With the aim to reduce fracture risk after kidney transplantation, this study identified a new risk factor represented by pHPT, which may better select recipients who could benefit from treatment. Better control of hyperparathyroidism after kidney transplantation should be considered in some patients using efficient treatments, such as calcium supplementation , native and active vitamin D, cinacalcet and parathyroidectomy. Previous studies suggest a bone protective effect of cinacalcet in dialysis patients. An analysis of four randomized studies showed that cinacalcet reduced the fracture risk in dialysis patients with intact PTH >300 ng/L . However, the recent EVOLVE trial did not support the protective effect of cinacalcet against the development of fractures . In any case, it should be noted that the intention-to-treat analysis of this trial had significant limitations (e.g. the results were unadjusted for baseline characteristics such as age and there was a high rate of treatment crossover). Moreover, it is noteworthy that in the prespecified analysis with lag censoring, there was a significant reduction in the risk of fractures among cinacalcet-treated patients . In two small studies of kidney transplantation, treatment with cinacalcet improved BMD in subjects with hypercalcemia secondary to pHPT [51, 52].

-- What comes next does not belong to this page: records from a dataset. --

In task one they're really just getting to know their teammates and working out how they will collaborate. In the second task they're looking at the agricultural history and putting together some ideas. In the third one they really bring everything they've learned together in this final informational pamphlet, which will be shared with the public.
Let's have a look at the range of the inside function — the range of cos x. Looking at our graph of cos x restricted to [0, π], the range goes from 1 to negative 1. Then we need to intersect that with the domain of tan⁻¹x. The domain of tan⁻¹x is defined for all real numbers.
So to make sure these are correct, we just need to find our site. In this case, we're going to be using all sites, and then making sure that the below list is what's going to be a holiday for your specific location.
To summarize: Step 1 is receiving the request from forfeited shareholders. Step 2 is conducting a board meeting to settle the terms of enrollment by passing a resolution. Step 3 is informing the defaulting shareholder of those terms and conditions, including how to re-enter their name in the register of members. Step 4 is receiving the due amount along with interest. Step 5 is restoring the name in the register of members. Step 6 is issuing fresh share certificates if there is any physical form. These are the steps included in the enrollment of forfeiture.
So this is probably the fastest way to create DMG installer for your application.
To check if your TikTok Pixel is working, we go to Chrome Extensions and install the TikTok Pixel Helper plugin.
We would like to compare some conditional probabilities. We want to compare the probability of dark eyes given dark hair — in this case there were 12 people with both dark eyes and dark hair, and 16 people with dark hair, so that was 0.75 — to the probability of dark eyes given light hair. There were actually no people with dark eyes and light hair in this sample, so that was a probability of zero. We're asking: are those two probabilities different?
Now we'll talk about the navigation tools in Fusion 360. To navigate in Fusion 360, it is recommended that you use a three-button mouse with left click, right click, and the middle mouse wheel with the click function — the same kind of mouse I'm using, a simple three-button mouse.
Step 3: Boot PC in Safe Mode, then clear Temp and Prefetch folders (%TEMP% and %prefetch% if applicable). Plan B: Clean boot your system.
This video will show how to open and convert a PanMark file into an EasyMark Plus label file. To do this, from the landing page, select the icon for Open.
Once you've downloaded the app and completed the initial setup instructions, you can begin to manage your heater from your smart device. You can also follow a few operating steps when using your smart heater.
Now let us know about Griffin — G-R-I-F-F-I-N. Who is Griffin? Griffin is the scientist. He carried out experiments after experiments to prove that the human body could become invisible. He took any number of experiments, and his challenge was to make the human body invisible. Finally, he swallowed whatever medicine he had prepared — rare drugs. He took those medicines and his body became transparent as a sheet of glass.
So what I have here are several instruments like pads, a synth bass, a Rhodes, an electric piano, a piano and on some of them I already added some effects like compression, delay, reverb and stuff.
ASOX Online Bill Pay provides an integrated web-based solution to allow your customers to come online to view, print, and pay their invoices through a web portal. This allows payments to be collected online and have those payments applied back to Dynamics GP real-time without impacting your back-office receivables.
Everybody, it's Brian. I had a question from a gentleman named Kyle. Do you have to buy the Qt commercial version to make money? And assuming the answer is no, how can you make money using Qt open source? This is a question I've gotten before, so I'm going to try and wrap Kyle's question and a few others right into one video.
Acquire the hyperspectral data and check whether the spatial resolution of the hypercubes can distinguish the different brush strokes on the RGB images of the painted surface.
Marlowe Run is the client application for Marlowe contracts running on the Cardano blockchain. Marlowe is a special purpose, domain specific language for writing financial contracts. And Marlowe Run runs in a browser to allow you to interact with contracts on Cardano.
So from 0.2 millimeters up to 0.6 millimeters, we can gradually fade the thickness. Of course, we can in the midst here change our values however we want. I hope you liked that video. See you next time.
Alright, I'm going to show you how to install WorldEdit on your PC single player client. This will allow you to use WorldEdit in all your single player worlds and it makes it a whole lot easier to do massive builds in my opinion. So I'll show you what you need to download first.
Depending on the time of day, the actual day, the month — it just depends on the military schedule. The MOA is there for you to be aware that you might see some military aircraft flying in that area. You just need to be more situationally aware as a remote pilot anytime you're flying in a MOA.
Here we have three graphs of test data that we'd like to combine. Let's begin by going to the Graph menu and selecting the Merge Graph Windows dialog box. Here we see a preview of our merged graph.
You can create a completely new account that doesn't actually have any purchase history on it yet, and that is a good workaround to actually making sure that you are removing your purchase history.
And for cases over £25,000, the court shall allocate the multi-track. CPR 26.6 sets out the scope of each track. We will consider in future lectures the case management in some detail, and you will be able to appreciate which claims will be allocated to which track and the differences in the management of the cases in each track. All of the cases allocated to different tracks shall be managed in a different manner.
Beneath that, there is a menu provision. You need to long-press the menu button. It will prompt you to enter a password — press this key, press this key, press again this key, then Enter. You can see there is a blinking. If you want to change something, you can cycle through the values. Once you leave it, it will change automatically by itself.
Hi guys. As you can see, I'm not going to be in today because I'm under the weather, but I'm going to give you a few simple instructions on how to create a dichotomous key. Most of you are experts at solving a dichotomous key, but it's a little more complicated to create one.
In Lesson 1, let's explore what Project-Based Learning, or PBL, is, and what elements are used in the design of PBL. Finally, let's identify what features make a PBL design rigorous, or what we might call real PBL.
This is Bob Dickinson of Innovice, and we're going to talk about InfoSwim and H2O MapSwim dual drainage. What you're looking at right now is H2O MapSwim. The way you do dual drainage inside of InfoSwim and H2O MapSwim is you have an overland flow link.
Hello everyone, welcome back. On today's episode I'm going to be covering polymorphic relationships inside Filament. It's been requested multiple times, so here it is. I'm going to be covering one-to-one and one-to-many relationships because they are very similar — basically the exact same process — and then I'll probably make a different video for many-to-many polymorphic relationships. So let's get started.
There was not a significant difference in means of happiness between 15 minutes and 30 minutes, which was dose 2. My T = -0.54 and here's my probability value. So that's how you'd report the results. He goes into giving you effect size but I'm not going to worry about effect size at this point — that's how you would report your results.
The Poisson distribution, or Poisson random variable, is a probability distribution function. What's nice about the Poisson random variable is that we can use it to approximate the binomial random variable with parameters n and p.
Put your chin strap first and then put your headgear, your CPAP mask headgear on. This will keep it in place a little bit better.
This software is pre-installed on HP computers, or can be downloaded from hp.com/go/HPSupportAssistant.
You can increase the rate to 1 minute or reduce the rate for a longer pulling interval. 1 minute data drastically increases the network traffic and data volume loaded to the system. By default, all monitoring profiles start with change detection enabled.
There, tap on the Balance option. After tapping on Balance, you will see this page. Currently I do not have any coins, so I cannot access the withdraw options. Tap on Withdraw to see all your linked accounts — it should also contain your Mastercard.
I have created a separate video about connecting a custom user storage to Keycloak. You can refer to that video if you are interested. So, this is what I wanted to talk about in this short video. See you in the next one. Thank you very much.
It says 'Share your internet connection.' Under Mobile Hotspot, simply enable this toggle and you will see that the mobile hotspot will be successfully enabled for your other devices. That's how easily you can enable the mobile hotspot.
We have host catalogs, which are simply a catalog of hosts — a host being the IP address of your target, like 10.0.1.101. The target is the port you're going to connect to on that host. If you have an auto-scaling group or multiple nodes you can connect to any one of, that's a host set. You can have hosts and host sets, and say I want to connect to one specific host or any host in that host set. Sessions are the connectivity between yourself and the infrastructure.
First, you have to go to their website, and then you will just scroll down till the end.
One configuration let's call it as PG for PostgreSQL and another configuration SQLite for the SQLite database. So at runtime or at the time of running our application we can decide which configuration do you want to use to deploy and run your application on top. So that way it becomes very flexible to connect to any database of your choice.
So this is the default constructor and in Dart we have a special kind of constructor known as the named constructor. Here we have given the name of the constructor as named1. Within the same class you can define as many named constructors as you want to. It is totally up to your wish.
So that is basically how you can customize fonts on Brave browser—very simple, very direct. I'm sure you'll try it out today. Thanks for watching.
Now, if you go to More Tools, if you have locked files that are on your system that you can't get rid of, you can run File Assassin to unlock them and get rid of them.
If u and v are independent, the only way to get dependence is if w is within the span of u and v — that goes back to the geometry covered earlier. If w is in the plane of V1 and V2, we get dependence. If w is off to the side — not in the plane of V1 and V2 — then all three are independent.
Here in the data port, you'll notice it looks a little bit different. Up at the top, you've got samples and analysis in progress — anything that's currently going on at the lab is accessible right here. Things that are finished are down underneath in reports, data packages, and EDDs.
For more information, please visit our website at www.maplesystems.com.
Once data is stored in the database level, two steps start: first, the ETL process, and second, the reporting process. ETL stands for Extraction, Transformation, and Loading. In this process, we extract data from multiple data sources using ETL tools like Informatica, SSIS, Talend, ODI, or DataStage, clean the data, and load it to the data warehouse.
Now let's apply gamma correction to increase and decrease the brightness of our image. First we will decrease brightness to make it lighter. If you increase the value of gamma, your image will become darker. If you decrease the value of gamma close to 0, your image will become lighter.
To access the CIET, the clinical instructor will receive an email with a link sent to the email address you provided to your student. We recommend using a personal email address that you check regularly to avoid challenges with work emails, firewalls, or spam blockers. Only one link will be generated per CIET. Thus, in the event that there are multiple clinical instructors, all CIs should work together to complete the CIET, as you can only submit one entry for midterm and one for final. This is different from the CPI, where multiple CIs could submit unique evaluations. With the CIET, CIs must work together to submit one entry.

In conclusion, this study is the first to demonstrate that pHPT is an independent risk factor for fractures after kidney transplantation. This new risk factor has a high prevalence, particularly in the first year when the fracture rate is the highest. Better control of hyperparathyroidism before and after kidney transplantation should be beneficial. Randomized studies are needed to determine whether cinacalcet reduces the occurrence of fractures in recipients with pHPT.
We would like to thank Raphael Porcher for his help in statistical methods.
The authors of this manuscript have no conflicts of interest to disclose as described by the American Journal of Transplantation.